Günümüz Siyasi Partilerinin 5 Modeli
Siyaset Aracısı Partiler: Bu partiler programlarını, eylemlerini seçmen kitlesinin
çoğunluğuna çekici gelecek şekilde ayarlar. Bu tip partiler genellikle katı bir ideoloji, esnek
bir siyasi yönetim benimserler. Toplumun her katmanı tarafından benimsenecek bir siyasi
parti programı hazırlarlar. Türkiye’de ilk başta lider, Avrupa’da kadro ve parti programları
önemlidir. Turgut Özal ve Anavatan Partisi gibi…
İdeolojik Partiler: Bunlar düşünce, doktrin ve ideolojilerden sapmamayı esas alırlar.
Bu partiler için önemli olan parti programlarının seçmene çekici gelmesi değil, seçmenleri
kendi yollarının doğru olduğuna inandırmaktır. Bunlar hükümet olmak istemezler. İdeolojiden
sapmazlar. TKP İşçi Partisi gibi…
Menfaat ve Çıkar Partileri: Bu tip partiler kamu görevlilerinin bir kısmını ele
geçirerek kendi amaçlarını, daha kolay gerçekleştirmeyi sağlamaya çalışan partilerdir. Çıkar
partileri sosyo-ekonomik nedenlerin oluşturduğu menfaat grupları tarafından kurulabileceği
gibi etnik ya da din esasına göre de kurulabilirler. TÜSİAD parti olsaydı tam bir örnek olurdu.
Kişi Partileri: Liderin ünü ve ona duyulan bağlılığın etrafında gelişen siyasi
partilerdir. Lider öldüğünde eski ihtişamını kaybeder. BBP gibi…
Kalıntı Partiler: Türkiye’de yok birkaç Avrupa ülkesinde görülebilir. Çağın
gereklerine uymadan eski sorunlarla uğraşan partilerdir.

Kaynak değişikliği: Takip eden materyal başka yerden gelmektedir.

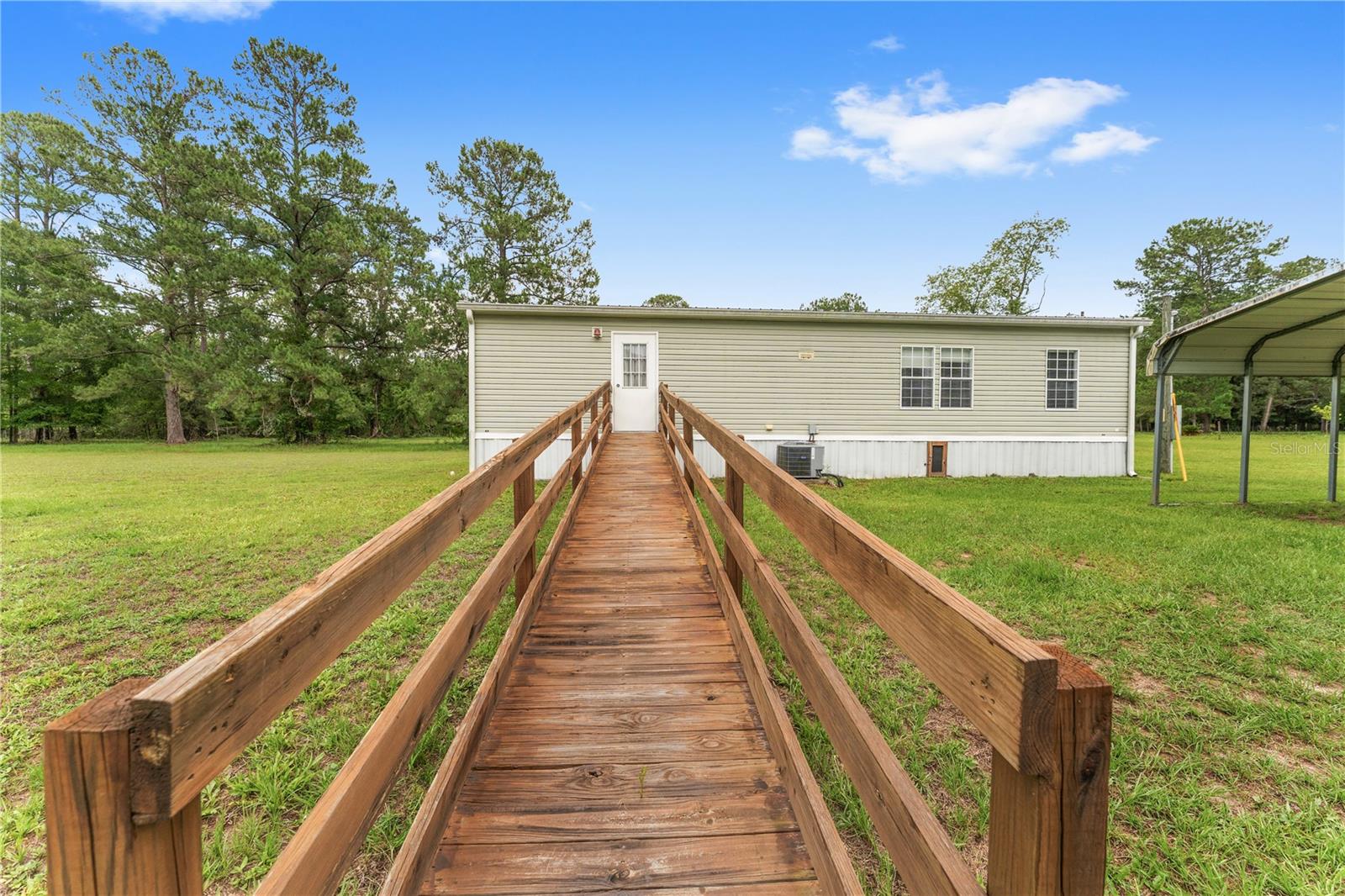 UNIVERSITY AVE PROPERTIES INC - Residential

Etkili Siyasal İletişimin Özellikleri
Kaynağın özellikleri:
Siyasal iletişimde mesaj veren taraf olan kaynağın güvenilir olması, ikna yeteneğinin
olması gerekir. Mantıksal arka plan oluşturma olarak da özetleyebileceğimiz ikna edici
konuşma yani retorik 3’e ayrılır;
Hukuksal retorik; hukukun konusu olan, onu uygulayacak olan kitlelere hukukla ilgili
bilgilerin, kararların aktarılmasında anlaşılır olma, farklı algılamalara meydan vermeden
anlatılması sanatıdır.
Törensel retorik; parti başkanlarının açılış, yıldönümü, bayram veya anmalar gibi
konuşmalarda iyi “hatip” olmanın gereği olarak hedef kitleyi etkileyecek şekilde törenle ilgili
konulara değinilmesinin yanında bağdaştırıcı biçimde siyasi mesajların da verilmesi şeklinde
hedef kitleye ulaşmada yapılan ikna edici konuşmalardır.

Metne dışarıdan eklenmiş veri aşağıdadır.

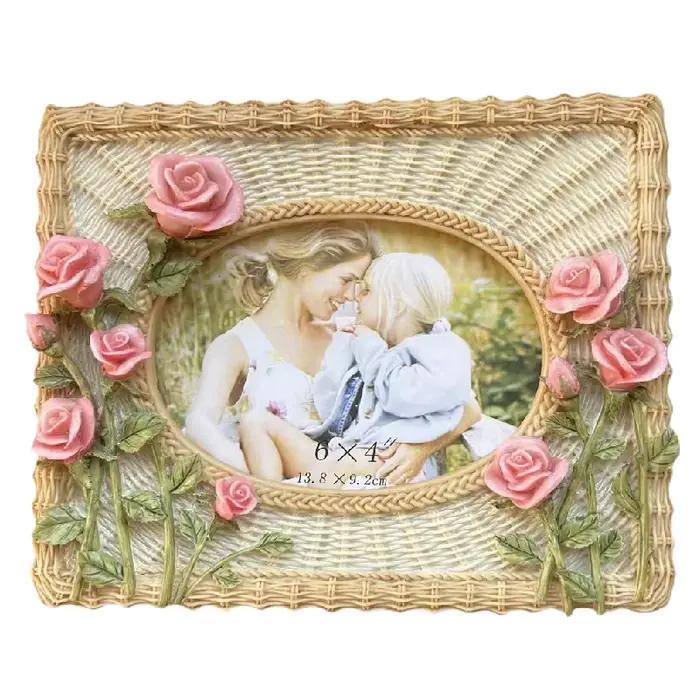 Cadre photo rose en résine de bureau en dentelle gaufrée pour décoration de la maison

Politik retorik; mesaj veren kaynak Yaklaşımlarda istatistiksel veriler yerine, onun yabancısı
olmadığı yaklaşımlardan, örneklerden yola çıkar. Kısacası retoriksel konuşmada, izleyenin
sıkılması değil, tersine onu ikna edici, verilen mesajlara inandırıcı bir üslup kullanılır. Amaç
kaynağın hedef kitlenin nabzını tutarak, onu etkilemektir. Konuşmada kaynak, kişinin
ideolojisini belirtmeli, açık, yalın, basit olmalıdır.